Employer-Matched Retirement Plans
Step 2 of my personal finance road map is to contribute to an employer-matched retirement plan (step 1 was to create a budget). Let’s cover this in a few Q&As:
Q: What is an employer-matched retirement plan?
A: An employer matched retirement plan is usually a 401(k) or sometimes a 403(b) if you work in non-profit or a SEP (simplified employee retirement plan) IRA if you work at a smaller company. As it implies in the name, your employer provides the retirement account option, and for a percentage or amount you contribute from your paycheck, your employer matches it.
Q: Why should you contribute to an employer matched retirement plan?
A: It is literally FREE money!
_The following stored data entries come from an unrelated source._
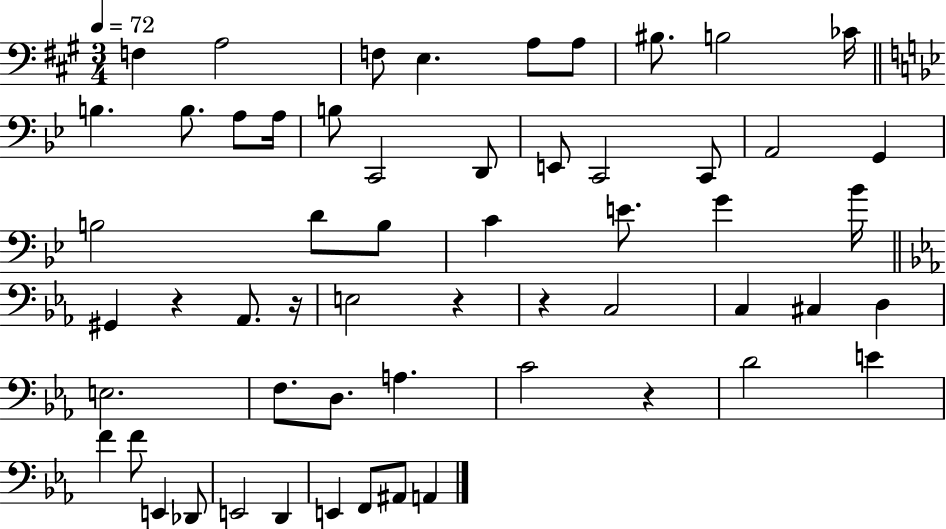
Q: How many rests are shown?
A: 5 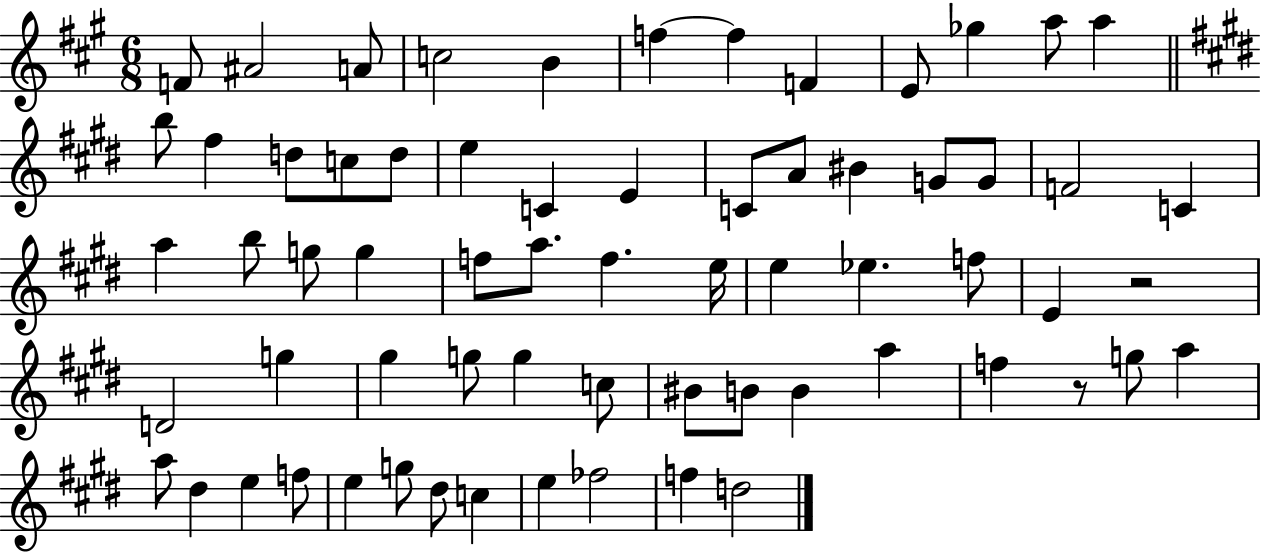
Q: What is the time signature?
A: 6/8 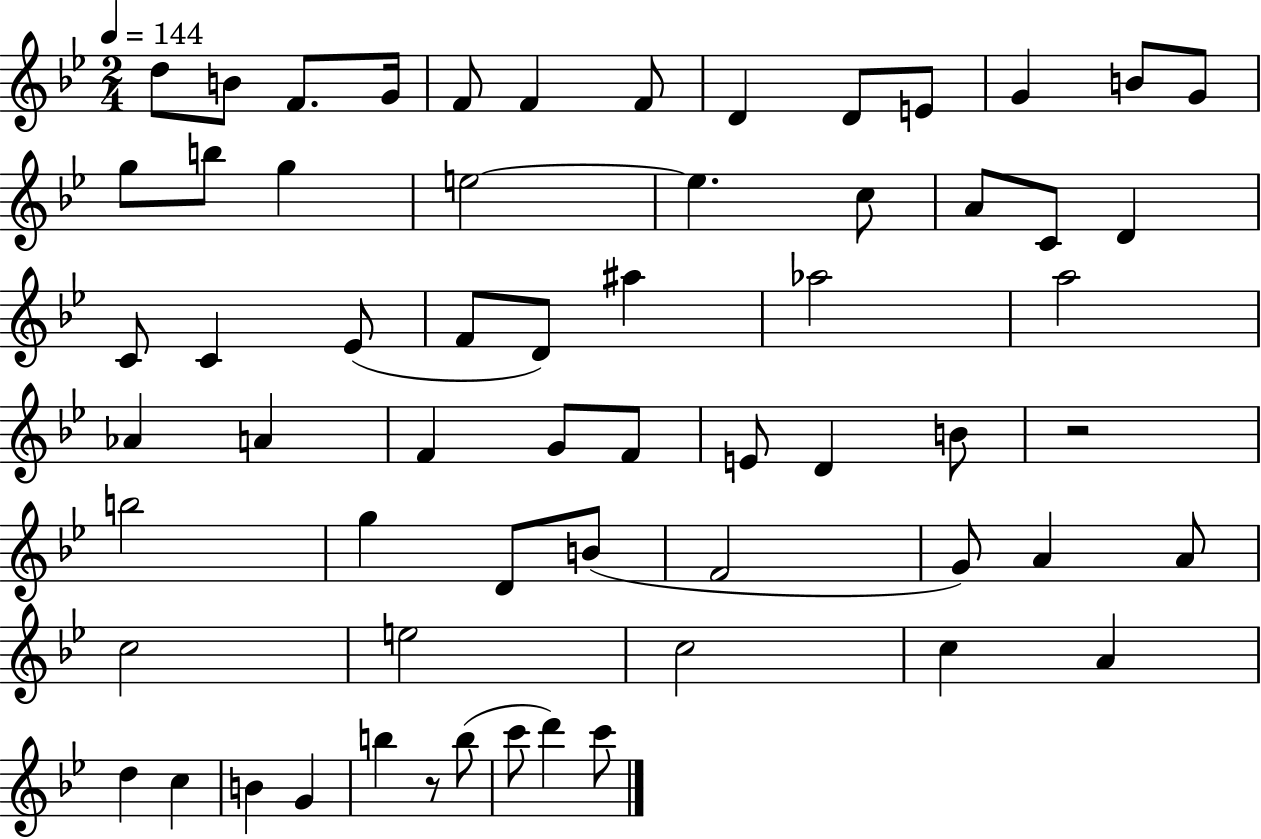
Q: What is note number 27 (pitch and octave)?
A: D4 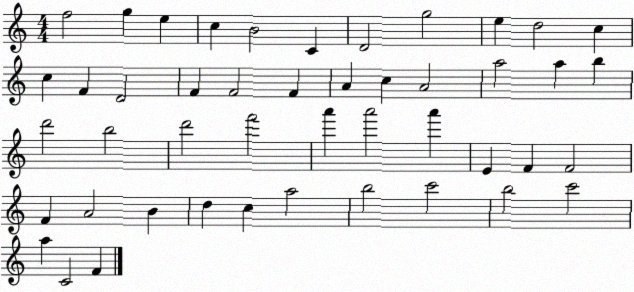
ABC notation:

X:1
T:Untitled
M:4/4
L:1/4
K:C
f2 g e c B2 C D2 g2 e d2 c c F D2 F F2 F A c A2 a2 a b d'2 b2 d'2 f'2 a' a'2 a' E F F2 F A2 B d c a2 b2 c'2 b2 c'2 a C2 F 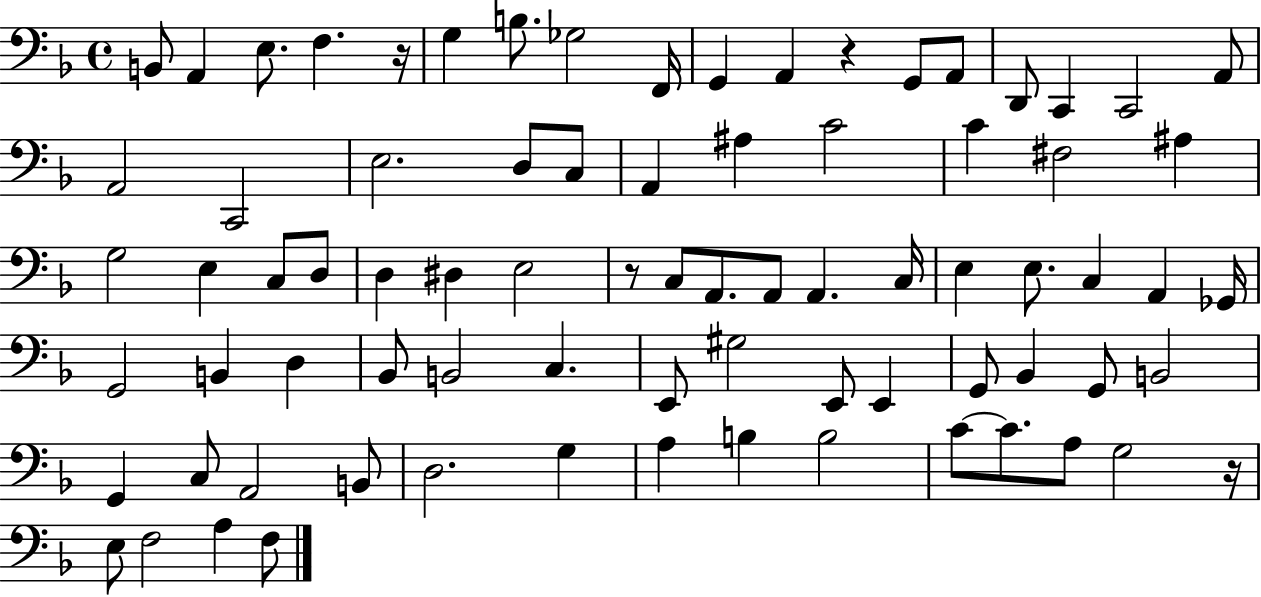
X:1
T:Untitled
M:4/4
L:1/4
K:F
B,,/2 A,, E,/2 F, z/4 G, B,/2 _G,2 F,,/4 G,, A,, z G,,/2 A,,/2 D,,/2 C,, C,,2 A,,/2 A,,2 C,,2 E,2 D,/2 C,/2 A,, ^A, C2 C ^F,2 ^A, G,2 E, C,/2 D,/2 D, ^D, E,2 z/2 C,/2 A,,/2 A,,/2 A,, C,/4 E, E,/2 C, A,, _G,,/4 G,,2 B,, D, _B,,/2 B,,2 C, E,,/2 ^G,2 E,,/2 E,, G,,/2 _B,, G,,/2 B,,2 G,, C,/2 A,,2 B,,/2 D,2 G, A, B, B,2 C/2 C/2 A,/2 G,2 z/4 E,/2 F,2 A, F,/2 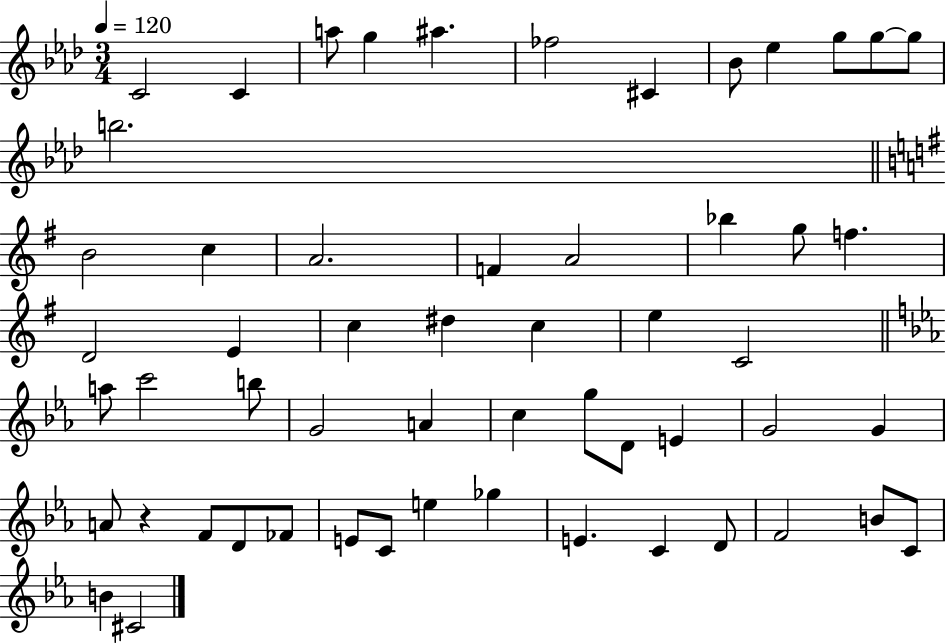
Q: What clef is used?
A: treble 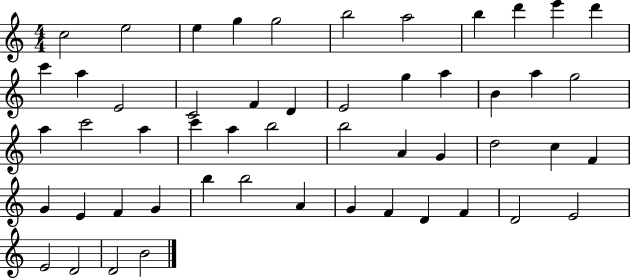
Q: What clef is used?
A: treble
For example, if your employer will match up to 3% of your contributions, if you put in 3%, your employer will match that 3% and now you have 6% of your pay check amount in your retirement account! There are different structures, and you have to get the details from your employer but a 3% match is fairly common.
Q: What if I contribute a different amount than the match amount?
A: I highly recommend you don’t contribute less than the match amount, if you contribute less, you are leaving money on the table. If you want to contribute more, that’s great! Usually 3% is the cap at which your employer will match, so if you want to put away 10%, your employer will still match 3% and you’ll have 13% going towards your account.
Q: What if I am trying to pay off debt or save aggressively?
A: If you have high interest debt, I suggest you still contribute your employer match amount-again, you don’t want to leave money on the table! – but above that amount, you put towards paying down high interest debt. Other scenarios where you’d want to contribute the minimum-if you are saving aggressively for something like a home down payment, or you have too high of living expenses to contribute more (in that case, you should take a look at your budget).
Q: How much can I contribute to my employer matched retirement plan?
A: This answer varies from year to year, but for 2017 it is capped at $18,000, with those over age 50 getting a “catch-up” adjustment of an extra $6,000.
Q: What is “vesting”?
A: Vesting or vesting schedule is how much ownership you have over the shares of the employer matched contribution. It is usually based on number of years of employment. It is possible to lose the employer-matched part of your contributions if you leave the company (voluntarily or involuntarily) before they are fully vested.
You never lose the contributions you make.